How to Implement HTML Escaping Using JavaScript

I recently built a simple chat client (I know, I’m recreating late ‘90’s tech!) and in order to make my chat application safer, I needed to prevent XSS attacks using HTML escaping. To start, I had no idea what the frack an XSS attack was, much less how to utilize HTML escaping to prevent one.

After a bit of research, I learned that an XSS attack, or cross-site scripting is a common type of hack where a user (likely malicious) attempts to upload a script onto a website. How does that look in the real world?

In my project, my peers attempted to “hack” my chat client by sending user messages (which the chat client received via AJAX). If one of those comments was simply: “hey what’s up Jordan, you’re the coolest dude that lives in your house”, then that would render on the website easily enough. However, if the comment contained a script tag, like this: <script src=‘dobad stuff’> </script>, what would happen?

The Bad News

If the JavaScript didn’t escape the HTML, that script would have run on my page. There are lots of forms this specific script injection could take, and I won’t endeavor to describe them in detail. Check out OWASP for an in-depth analysis on the most common types of script attacks. Suffice to say, it’s easy to visualize how such a script could harm other users loading that message, potentially grabbing vital information from their client via cookies and other mechanisms.

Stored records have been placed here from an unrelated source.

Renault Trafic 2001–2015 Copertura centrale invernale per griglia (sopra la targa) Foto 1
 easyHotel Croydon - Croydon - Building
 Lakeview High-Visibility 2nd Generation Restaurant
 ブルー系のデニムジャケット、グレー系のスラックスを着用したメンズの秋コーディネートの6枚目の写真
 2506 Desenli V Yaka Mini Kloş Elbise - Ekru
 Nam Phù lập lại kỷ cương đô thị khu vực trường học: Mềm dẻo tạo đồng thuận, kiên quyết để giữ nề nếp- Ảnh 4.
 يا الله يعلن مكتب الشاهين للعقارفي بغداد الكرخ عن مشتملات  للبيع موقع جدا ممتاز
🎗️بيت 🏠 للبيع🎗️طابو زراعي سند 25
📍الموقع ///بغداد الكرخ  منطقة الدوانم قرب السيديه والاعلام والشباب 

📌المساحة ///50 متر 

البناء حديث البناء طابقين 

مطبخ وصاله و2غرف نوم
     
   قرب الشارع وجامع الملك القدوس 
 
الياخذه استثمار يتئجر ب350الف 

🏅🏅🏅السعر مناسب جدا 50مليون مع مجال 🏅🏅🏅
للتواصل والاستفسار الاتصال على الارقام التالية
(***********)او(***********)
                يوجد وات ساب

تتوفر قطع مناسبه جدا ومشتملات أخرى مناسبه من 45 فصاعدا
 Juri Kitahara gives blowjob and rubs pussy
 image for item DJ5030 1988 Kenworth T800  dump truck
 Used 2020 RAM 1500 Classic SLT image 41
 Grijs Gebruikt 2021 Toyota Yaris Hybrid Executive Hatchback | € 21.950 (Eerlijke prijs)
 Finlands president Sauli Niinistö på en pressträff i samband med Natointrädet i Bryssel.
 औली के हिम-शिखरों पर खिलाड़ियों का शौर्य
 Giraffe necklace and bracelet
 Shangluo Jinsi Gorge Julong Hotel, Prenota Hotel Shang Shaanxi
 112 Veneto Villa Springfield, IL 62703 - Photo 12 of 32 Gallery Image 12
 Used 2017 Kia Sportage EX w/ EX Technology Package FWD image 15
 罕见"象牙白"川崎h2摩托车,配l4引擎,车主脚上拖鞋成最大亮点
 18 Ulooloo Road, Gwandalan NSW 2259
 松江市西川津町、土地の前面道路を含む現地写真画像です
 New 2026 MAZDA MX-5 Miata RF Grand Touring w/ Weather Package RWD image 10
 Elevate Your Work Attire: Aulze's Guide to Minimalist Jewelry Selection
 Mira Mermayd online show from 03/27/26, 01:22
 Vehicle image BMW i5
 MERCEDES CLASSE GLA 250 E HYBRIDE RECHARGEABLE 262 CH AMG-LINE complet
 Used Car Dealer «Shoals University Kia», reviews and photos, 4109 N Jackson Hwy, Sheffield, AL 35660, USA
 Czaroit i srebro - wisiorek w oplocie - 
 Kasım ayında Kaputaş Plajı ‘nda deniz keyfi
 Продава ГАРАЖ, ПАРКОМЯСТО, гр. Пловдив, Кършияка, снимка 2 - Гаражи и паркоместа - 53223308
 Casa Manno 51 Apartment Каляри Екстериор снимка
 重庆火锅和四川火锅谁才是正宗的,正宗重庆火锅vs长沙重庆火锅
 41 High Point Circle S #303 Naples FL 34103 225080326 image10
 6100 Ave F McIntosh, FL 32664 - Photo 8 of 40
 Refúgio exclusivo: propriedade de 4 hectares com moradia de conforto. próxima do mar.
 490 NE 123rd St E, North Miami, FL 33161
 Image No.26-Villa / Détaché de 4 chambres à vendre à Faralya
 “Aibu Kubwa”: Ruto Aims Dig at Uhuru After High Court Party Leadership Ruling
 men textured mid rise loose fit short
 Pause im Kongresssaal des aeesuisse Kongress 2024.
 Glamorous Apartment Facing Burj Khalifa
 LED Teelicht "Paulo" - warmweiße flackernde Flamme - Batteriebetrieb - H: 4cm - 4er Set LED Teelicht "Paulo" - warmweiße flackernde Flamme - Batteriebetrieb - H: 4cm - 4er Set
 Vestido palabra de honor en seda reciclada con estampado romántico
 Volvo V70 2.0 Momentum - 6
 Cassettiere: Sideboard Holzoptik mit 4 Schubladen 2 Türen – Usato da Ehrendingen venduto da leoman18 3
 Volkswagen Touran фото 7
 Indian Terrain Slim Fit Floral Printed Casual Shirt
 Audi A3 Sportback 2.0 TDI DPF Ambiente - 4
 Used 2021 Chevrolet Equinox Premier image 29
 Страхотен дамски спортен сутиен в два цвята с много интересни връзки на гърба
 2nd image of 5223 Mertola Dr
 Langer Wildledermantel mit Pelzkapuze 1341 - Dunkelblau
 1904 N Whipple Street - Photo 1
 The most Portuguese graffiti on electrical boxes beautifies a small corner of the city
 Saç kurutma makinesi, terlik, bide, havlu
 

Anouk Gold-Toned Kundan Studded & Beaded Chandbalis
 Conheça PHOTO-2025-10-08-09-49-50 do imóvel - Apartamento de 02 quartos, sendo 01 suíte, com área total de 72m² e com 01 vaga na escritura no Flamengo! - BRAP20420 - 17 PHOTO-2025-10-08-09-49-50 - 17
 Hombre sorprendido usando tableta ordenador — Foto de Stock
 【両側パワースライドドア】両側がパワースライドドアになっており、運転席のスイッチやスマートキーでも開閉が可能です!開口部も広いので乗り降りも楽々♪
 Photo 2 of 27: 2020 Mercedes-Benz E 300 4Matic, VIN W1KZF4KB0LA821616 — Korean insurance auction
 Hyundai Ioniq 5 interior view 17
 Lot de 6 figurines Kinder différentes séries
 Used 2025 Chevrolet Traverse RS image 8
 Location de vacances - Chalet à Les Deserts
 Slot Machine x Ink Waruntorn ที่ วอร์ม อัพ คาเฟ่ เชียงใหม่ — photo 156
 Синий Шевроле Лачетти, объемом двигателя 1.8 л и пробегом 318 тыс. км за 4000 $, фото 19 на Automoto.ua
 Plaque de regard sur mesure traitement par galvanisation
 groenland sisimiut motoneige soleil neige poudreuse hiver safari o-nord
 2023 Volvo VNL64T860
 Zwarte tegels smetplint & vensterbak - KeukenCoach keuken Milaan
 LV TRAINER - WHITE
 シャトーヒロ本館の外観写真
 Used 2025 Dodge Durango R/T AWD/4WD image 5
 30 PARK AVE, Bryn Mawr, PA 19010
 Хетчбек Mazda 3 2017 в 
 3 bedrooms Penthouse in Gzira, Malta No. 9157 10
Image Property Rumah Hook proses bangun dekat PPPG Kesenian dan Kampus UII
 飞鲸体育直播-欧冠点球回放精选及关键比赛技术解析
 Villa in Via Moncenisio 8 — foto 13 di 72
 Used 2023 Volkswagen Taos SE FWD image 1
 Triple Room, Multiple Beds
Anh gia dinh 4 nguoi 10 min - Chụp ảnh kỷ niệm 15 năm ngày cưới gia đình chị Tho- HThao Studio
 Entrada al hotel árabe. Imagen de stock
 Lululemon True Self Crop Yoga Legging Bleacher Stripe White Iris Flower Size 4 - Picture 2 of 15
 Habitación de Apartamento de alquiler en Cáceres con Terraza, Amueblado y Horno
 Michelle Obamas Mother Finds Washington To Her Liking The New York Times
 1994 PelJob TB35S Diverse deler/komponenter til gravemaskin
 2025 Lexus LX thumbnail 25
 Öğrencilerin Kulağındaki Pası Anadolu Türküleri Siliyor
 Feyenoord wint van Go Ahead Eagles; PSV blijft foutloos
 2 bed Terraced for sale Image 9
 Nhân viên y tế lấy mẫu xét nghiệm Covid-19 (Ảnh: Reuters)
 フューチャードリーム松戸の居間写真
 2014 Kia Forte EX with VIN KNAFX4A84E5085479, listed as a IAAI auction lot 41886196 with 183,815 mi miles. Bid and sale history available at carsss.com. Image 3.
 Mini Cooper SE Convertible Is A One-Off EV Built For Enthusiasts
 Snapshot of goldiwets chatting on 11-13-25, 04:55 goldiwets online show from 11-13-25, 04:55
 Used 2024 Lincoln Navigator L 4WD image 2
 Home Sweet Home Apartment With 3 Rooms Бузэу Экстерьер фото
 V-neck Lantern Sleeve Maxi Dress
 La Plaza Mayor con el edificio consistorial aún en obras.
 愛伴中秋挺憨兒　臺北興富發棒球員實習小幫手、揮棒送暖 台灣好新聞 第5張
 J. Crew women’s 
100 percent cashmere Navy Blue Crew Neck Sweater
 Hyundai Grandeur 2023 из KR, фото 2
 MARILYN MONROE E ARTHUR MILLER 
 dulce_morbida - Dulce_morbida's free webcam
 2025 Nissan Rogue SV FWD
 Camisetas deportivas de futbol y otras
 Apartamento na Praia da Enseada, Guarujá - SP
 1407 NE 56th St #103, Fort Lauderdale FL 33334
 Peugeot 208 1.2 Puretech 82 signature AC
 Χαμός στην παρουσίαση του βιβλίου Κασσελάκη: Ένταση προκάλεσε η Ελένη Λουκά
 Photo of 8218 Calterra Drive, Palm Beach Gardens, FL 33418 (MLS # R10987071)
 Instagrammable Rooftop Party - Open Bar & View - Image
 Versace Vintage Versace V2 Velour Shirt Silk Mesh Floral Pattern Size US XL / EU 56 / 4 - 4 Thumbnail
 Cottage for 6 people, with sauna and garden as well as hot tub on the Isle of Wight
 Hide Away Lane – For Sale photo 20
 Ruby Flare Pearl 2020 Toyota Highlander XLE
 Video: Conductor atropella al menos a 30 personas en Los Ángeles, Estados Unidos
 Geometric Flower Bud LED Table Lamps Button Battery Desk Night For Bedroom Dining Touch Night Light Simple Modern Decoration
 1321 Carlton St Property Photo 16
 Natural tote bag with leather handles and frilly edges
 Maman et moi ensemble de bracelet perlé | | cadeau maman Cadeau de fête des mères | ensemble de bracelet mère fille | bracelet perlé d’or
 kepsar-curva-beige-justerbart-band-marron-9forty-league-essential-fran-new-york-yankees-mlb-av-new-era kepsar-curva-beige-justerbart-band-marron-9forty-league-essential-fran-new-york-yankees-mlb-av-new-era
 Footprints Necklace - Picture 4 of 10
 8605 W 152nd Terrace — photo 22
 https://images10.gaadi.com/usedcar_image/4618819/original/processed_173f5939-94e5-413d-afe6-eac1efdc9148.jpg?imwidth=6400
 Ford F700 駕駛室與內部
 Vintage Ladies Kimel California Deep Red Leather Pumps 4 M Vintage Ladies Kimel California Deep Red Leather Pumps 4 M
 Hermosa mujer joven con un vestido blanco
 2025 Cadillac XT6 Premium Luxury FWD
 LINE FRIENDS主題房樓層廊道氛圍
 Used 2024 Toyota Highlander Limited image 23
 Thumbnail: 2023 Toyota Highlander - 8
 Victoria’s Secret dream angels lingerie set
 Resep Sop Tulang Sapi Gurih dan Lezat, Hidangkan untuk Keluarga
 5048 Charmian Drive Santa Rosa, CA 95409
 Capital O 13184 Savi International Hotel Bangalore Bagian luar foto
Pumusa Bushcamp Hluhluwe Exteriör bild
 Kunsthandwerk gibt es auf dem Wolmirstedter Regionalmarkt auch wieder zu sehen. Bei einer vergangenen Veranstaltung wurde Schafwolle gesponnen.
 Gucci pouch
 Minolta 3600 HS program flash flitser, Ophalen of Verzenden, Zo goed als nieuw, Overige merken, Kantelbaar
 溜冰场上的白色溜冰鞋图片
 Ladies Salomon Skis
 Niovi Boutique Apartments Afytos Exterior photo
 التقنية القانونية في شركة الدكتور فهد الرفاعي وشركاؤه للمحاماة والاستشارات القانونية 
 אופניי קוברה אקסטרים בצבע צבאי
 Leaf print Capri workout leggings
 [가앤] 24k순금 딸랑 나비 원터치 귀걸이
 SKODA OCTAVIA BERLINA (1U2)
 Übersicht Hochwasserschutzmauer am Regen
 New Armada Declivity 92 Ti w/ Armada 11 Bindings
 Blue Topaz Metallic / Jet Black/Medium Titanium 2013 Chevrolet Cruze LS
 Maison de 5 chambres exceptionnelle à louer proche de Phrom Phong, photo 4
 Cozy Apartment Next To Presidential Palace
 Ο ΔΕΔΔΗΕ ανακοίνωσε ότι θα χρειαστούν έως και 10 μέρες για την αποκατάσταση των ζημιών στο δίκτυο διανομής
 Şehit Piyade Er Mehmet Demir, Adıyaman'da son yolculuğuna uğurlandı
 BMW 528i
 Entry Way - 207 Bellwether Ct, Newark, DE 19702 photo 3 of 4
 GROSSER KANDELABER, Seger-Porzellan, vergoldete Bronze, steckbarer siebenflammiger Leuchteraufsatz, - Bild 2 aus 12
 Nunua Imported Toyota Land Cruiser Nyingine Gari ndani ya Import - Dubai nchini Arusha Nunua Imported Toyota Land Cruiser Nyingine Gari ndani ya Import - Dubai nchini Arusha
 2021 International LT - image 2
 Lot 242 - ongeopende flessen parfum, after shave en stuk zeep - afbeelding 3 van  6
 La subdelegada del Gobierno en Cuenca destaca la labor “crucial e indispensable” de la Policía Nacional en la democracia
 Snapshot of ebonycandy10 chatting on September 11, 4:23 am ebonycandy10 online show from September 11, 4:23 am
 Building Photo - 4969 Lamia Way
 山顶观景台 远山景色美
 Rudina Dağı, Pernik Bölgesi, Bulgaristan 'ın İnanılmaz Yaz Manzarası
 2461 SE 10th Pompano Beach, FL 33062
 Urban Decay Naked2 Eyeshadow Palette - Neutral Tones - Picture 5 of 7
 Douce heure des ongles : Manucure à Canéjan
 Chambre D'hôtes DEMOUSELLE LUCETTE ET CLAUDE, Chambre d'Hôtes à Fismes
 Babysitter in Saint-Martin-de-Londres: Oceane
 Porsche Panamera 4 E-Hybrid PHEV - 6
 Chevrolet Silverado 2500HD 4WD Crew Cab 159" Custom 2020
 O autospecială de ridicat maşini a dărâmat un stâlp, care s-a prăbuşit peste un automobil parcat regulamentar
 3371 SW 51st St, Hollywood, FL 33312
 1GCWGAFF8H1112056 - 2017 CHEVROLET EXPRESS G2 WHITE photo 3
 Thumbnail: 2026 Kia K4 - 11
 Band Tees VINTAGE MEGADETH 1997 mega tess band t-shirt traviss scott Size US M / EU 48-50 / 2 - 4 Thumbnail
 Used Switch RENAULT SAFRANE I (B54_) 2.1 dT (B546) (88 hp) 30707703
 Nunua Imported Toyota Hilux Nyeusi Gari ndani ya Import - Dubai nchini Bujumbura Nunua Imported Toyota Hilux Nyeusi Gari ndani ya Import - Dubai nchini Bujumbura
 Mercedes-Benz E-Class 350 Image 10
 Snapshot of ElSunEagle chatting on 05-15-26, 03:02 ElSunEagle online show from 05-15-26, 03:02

Real quick, here is what this might look at (first with an error-free example):

var userComment = 'Hi, how are you?';
$('body').append(userComment);
//now the userComment is a child of the body

And now for an example where the userComment isn’t a simple collection of letters and the most common punctuation, but instead a script, like so:

var badUserComment = "<script>console.log('youz been hacked')</script>";
$('body').append(badUserComment);

Here’s what that does in a page which has jQuery loaded:

Because I didn’t escape the badUserComment, when JavaScript (in this case, using jQuery) attempts to append the comment to the body, it ends up executing the code. Right now, the badUserComment console logs an innocuous comment, but it’s easy to ease how this technique might be used to execute much more malicious attacks.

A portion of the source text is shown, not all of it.